L'église est à peine éclairée la veille du service de Pâques (qu'on célèbre le plus souvent à minuit pile, la nuit du samedi au dimanche, et presque toujours une semaine après les Pâques catholiques, malheureusement) : pas de cierges qui brûlent, pas de lumière aveuglante, seulement quelques petites veilleuses assurent les fidèles qui se rassemblent peu à peu. On est silencieux, on attend, on ne comprend jamais très bien ce qui se passe. L'heure venue, le service commencera presque en silence, avec la lumière qui se répand à partir de l'autel, le prêtre chantant accompagné d'une ou deux personnes du choeur la première chanson de louange. La communauté restera silencieuse pendant presque une demi-heure tout en écoutant le service et ce n'est que très tard, après que tous les esprits se seront tendus presque douloureusement en attendant le cri glorieux de la résurrection, que le prêtre s'exclamera vers les fidèles : " Le Christ est ressuscité ! ", et la réponse viendra presque simultanément, avec la force d'un tonnerre : " En vérité Il est ressuscité ! ". Désormais, c'est avec ces mots-là que les orthodoxes se salueront jusqu'à l'Ascension et la chanson de la résurrection reviendra encore et encore dans les services de l'Église pendant tout ce temps :

" Le Christ est ressuscité des morts, par la mort Il a vaincu la mort, à ceux qui sont dans les tombeaux Il a donné la vie ! "

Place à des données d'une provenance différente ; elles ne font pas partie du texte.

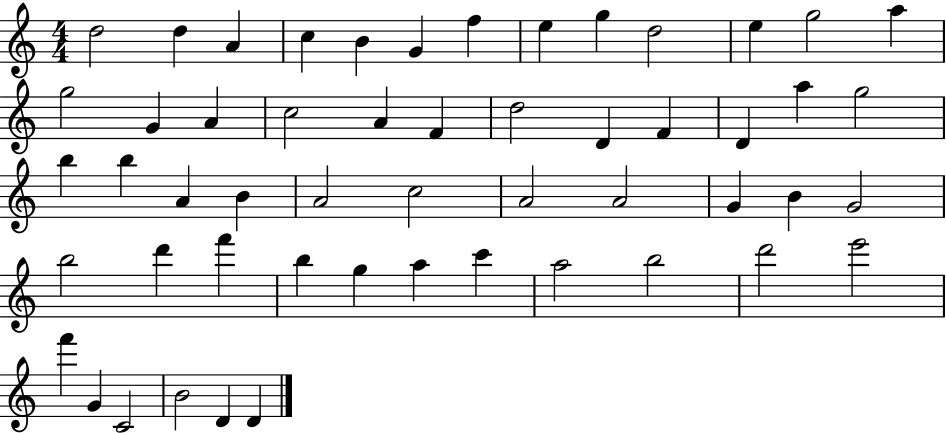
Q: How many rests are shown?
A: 0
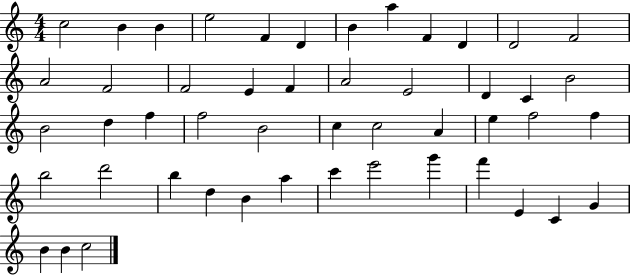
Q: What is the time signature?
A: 4/4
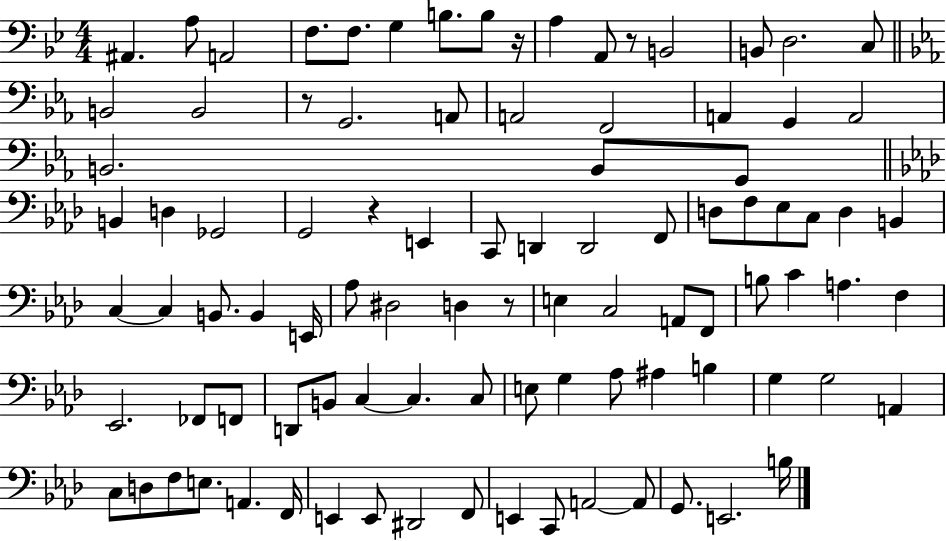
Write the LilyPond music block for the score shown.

{
  \clef bass
  \numericTimeSignature
  \time 4/4
  \key bes \major
  ais,4. a8 a,2 | f8. f8. g4 b8. b8 r16 | a4 a,8 r8 b,2 | b,8 d2. c8 | \break \bar "||" \break \key ees \major b,2 b,2 | r8 g,2. a,8 | a,2 f,2 | a,4 g,4 a,2 | \break b,2. b,8 g,8 | \bar "||" \break \key aes \major b,4 d4 ges,2 | g,2 r4 e,4 | c,8 d,4 d,2 f,8 | d8 f8 ees8 c8 d4 b,4 | \break c4~~ c4 b,8. b,4 e,16 | aes8 dis2 d4 r8 | e4 c2 a,8 f,8 | b8 c'4 a4. f4 | \break ees,2. fes,8 f,8 | d,8 b,8 c4~~ c4. c8 | e8 g4 aes8 ais4 b4 | g4 g2 a,4 | \break c8 d8 f8 e8. a,4. f,16 | e,4 e,8 dis,2 f,8 | e,4 c,8 a,2~~ a,8 | g,8. e,2. b16 | \break \bar "|."
}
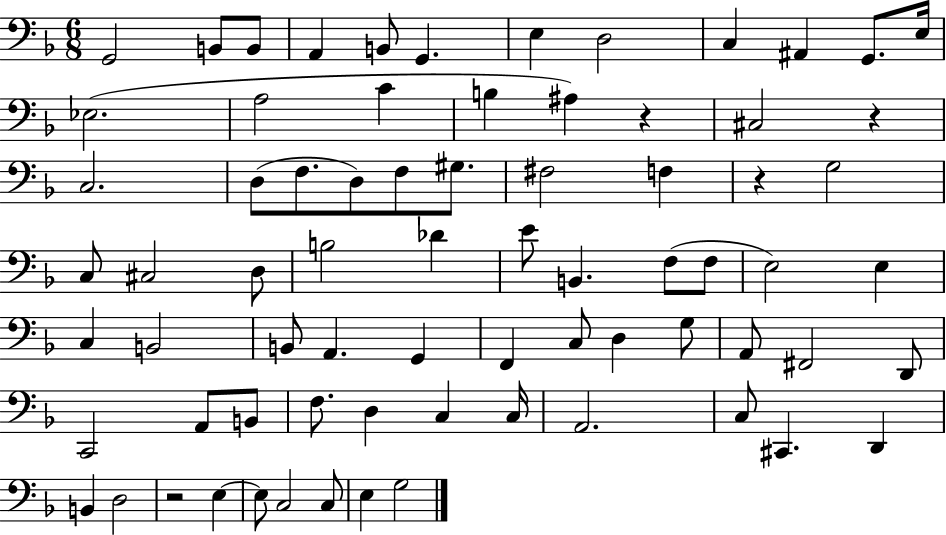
{
  \clef bass
  \numericTimeSignature
  \time 6/8
  \key f \major
  \repeat volta 2 { g,2 b,8 b,8 | a,4 b,8 g,4. | e4 d2 | c4 ais,4 g,8. e16 | \break ees2.( | a2 c'4 | b4 ais4) r4 | cis2 r4 | \break c2. | d8( f8. d8) f8 gis8. | fis2 f4 | r4 g2 | \break c8 cis2 d8 | b2 des'4 | e'8 b,4. f8( f8 | e2) e4 | \break c4 b,2 | b,8 a,4. g,4 | f,4 c8 d4 g8 | a,8 fis,2 d,8 | \break c,2 a,8 b,8 | f8. d4 c4 c16 | a,2. | c8 cis,4. d,4 | \break b,4 d2 | r2 e4~~ | e8 c2 c8 | e4 g2 | \break } \bar "|."
}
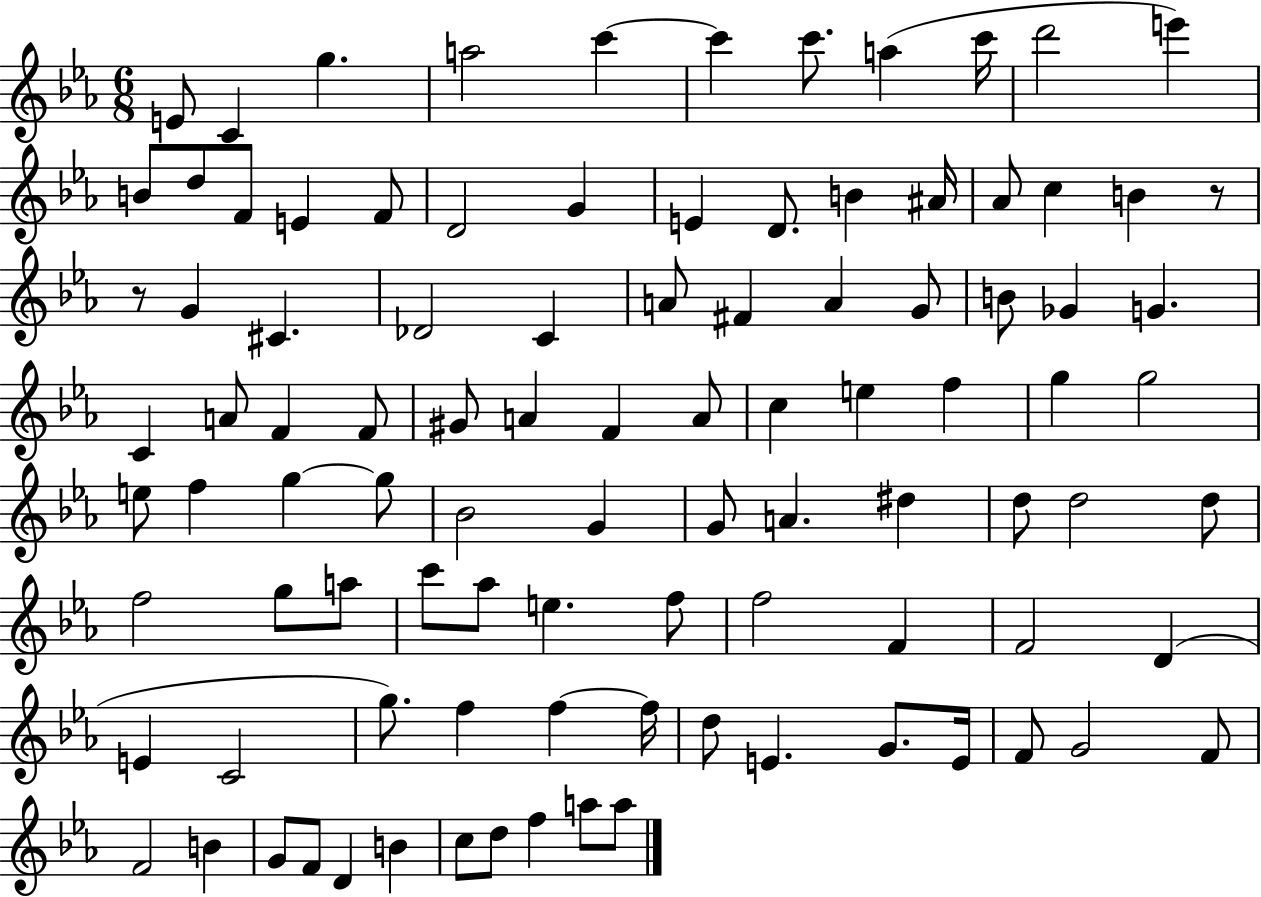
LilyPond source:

{
  \clef treble
  \numericTimeSignature
  \time 6/8
  \key ees \major
  e'8 c'4 g''4. | a''2 c'''4~~ | c'''4 c'''8. a''4( c'''16 | d'''2 e'''4) | \break b'8 d''8 f'8 e'4 f'8 | d'2 g'4 | e'4 d'8. b'4 ais'16 | aes'8 c''4 b'4 r8 | \break r8 g'4 cis'4. | des'2 c'4 | a'8 fis'4 a'4 g'8 | b'8 ges'4 g'4. | \break c'4 a'8 f'4 f'8 | gis'8 a'4 f'4 a'8 | c''4 e''4 f''4 | g''4 g''2 | \break e''8 f''4 g''4~~ g''8 | bes'2 g'4 | g'8 a'4. dis''4 | d''8 d''2 d''8 | \break f''2 g''8 a''8 | c'''8 aes''8 e''4. f''8 | f''2 f'4 | f'2 d'4( | \break e'4 c'2 | g''8.) f''4 f''4~~ f''16 | d''8 e'4. g'8. e'16 | f'8 g'2 f'8 | \break f'2 b'4 | g'8 f'8 d'4 b'4 | c''8 d''8 f''4 a''8 a''8 | \bar "|."
}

On chante la chanson doucement comme une méditation, fièrement comme une victoire, en mille rythmes et façons, mais toujours avec joie et émerveillement. Tout le monde la chante, bien ou faux, on est tous ensemble et le Christ nous reçoit tous, comme le prêche saint Jean Chrisostome dans l'homélie qu'on lit au cours du service : " Celui qui est arrivé le premier recevra sa récompense tout comme celui qui est arrivé le dernier. Toi qui as tardé jusqu'à la onzième heure, n'aie pas peur, le Christ est ressuscité et la joie du monde est grande, viens au banquet qu'a dressé pour nous le Seigneur. Où est, Mort, ton aiguille, où est, Enfer, ta victoire ? Le Christ est ressuscité et l'Enfer s'est couvert de honte ! "

Le moment le plus important de la première partie du service est la procession de cierges que les fidèles entament : on entoure l'église trois fois en chantant et en prenant grand soin de la petite lumière qu'on abrite du vent avec les paumes, tout fier de la porter. Chacun deviendra conscient que la lumière de la Résurrection qu'il a reçue devra être répandue au monde entier. La première partie du service finit en à peu-près une heure et le prêtre offre aux fidèles une pause pour que chacun ait le temps d'embrasser chacun. On s'annonce la Bonne Nouvelle en se regardant droit dans les yeux, peut-être pour la première fois, et à peine la joie partagée le service reprend pour la Divine Liturgie. La Pâque est une des rares Fêtes où on voit l'église toute entière communier : les croyants se sont préparés pendant le Carême, ils se sont tous confessés et se retrouvent ensemble dans la communion aux Saints Mystères du Christ.

On avance tard dans la nuit, mais on ne fatigue jamais trop. Une fois le service fini, des agapes ont lieu dans chaque église. Rien ne manquera : des oeufs peints, du rôti et de la soupe d'agneau, les gâteaux traditionnels comme la Paska russe ou roumaine ou les brioches de fête, du vin ... Tout le monde est accueilli.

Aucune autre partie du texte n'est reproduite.